------ COLLECTED MATERIAL

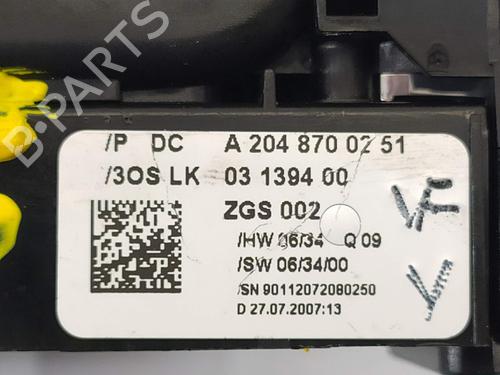 Left front window switch MERCEDES-BENZ C-CLASS (W204) | BP7167547I27 - Image 6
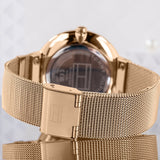 Tommy Hilfiger Lidia Rose Gold Dial Rose Gold Mesh Strap Watch for Women - 1782538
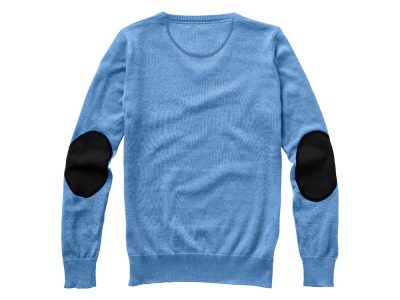 Пуловер Spruce женский с V-образным вырезом, светло-синий, изображение 4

------------

-- REQUIRED ACTION --
Copy out every line above without change, dropping the pictures.

-- RESPONSE TO THE EXERCISE --
 Left front window switch MERCEDES-BENZ C-CLASS (W204) | BP7167547I27 - Image 6
 Tommy Hilfiger Lidia Rose Gold Dial Rose Gold Mesh Strap Watch for Women - 1782538
 Пуловер Spruce женский с V-образным вырезом, светло-синий, изображение 4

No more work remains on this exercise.